IL CERTIFICATO UNICO DEI DEBITI TRIBUTARI

Il certificato unico dei debiti tributari è un documento che si richiede all’Agenzia delle Entrate in grado di attestare l’esistenza di debiti tributari relativi ad imposte dirette e indirette risultanti da atti, contestazioni in corso e contestazioni già definite per le quali i debiti non sono stati soddisfatti. Questo certificato consente di identificare le imposte contestate al contribuente e non riscosse. Il certificato può essere chiesto dal cittadino interessato a sapere qual è la propria posizione debitoria nei confronti del fisco o dal tribunale quando sono in corso procedure concorsuali che riguardano un’impresa. La domanda per il rilascio va, per l’appunto, richiesta all’Agenzia delle Entrate la quale provvederà all’emissione del documento entro 30 giorni.
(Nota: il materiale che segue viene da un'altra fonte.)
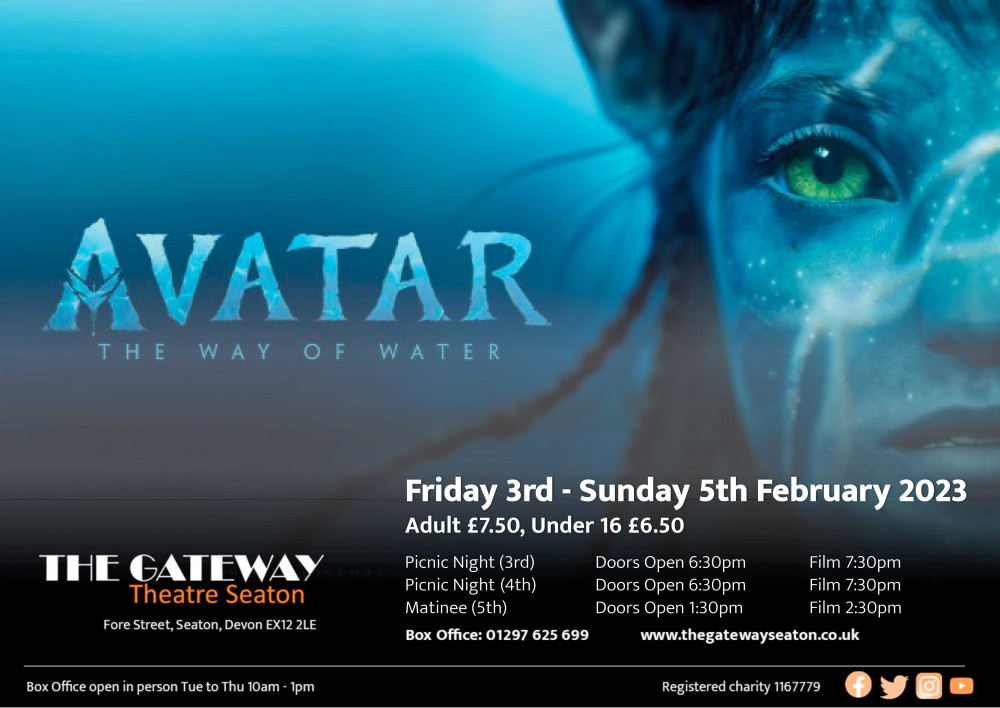 Avatar: The Way of Water will be screened at The Gateway Theatre in Seaton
La legge specifica che tale certificato è utilizzabile solo ai fini delle procedure concorsuali previste dall’ordinamento giuridico come, ad esempio, la liquidazione giudiziale. La richiesta può essere presentata personalmente o tramite un delegato munito di delega scritta. L’istanza, già compilata, può essere presentata all’ufficio dell’Agenzia delle Entrate tramite il servizio online “consegna documenti e istanze”, mediante consegna diretta a mano presso un ufficio dell’Agenzia delle Entrate, mediante raccomandata con avviso di ricevimento all’Ufficio territoriale competente o mediante PEC. L’istanza deve essere sottoscritta con firma digitale o se sottoscritta con firma autografa, dev’essere allegata una fotocopia del documento d’identità. L’indirizzo di posta certificata a cui deve essere inoltrata la richiesta è quello della direzione provinciale territoriale competente. Il certificato unico debiti tributari, come già detto, è rilasciato entro 30 giorni dalla data in cui la richiesta è pervenuta all’Agenzia delle Entrate.